# Thinking Parallel, Part II: Tree Traversal on the GPU

In the first part of this series, we looked at collision detection on the GPU and discussed two commonly used algorithms that find potentially colliding pairs in a set of 3D objects using their axis-aligned bounding boxes (AABBs). Each of the two algorithms has its weaknesses: *sort and sweep* suffers from high execution divergence, while *uniform grid* relies on too many simplifying assumptions that limit its applicability in practice.

In this part we will turn our attention to a more sophisticated approach, *hierarchical tree traversal*, that avoids these issues to a large extent. In the process, we will further explore the role of divergence in parallel programming, and show a couple of practical examples of how to improve it.

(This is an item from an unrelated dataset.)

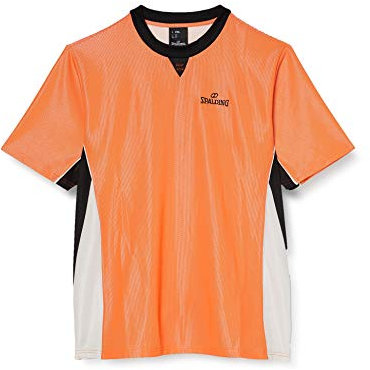 Spalding Herren Pro Schiedsrichtershirt, orange/Schwarz, M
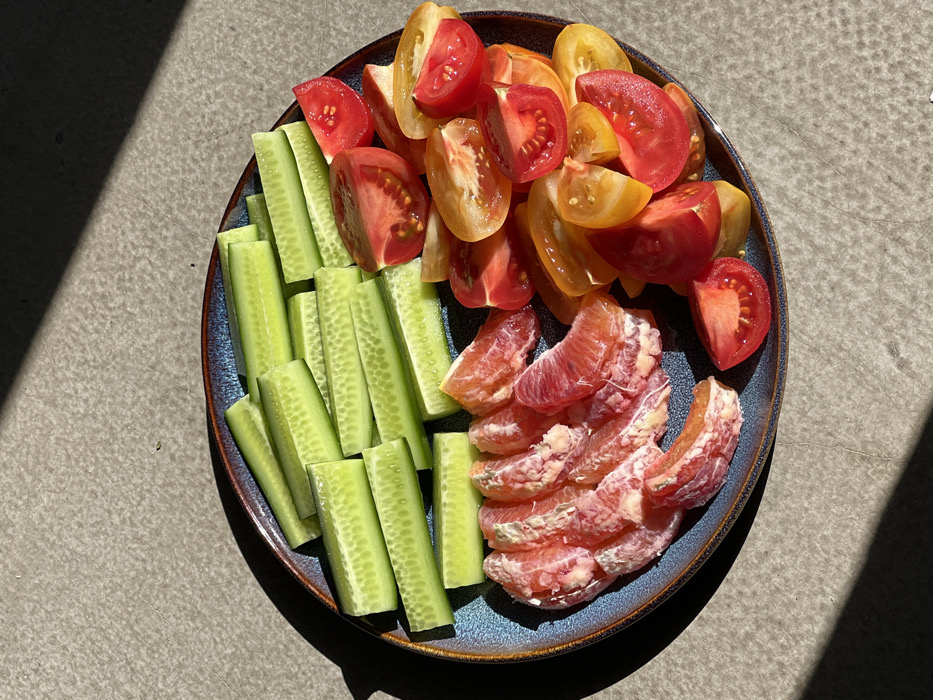 Tel Aviv resident documents morning routine with food, stars, disco ball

## Bounding Volume Hierarchy

We will build our approach around a bounding volume hierarchy (BVH), which is a commonly used acceleration structure in ray tracing (for example). A bounding volume hierarchy is essentially a hierarchical grouping of 3D objects, where each group is associated with a conservative bounding box.

Suppose we have eight objects, O_{1}-O_{8}, the green triangles in the figure above. In a BVH, individual objects are represented by leaf nodes (green spheres in the figure), groups of objects by internal nodes (N_{1}-N_{7}, orange spheres), and the entire scene by the root node (N_{1}). Each internal node (e.g. N_{2}) has two children (N_{4} and N_{5}), and is associated with a bounding volume (orange rectangle) that fully contains all the underlying objects (O_{1}-O_{4}). The bounding volumes can basically be any 3D shapes, but we will use axis-aligned bounding boxes (AABBs) for simplicity.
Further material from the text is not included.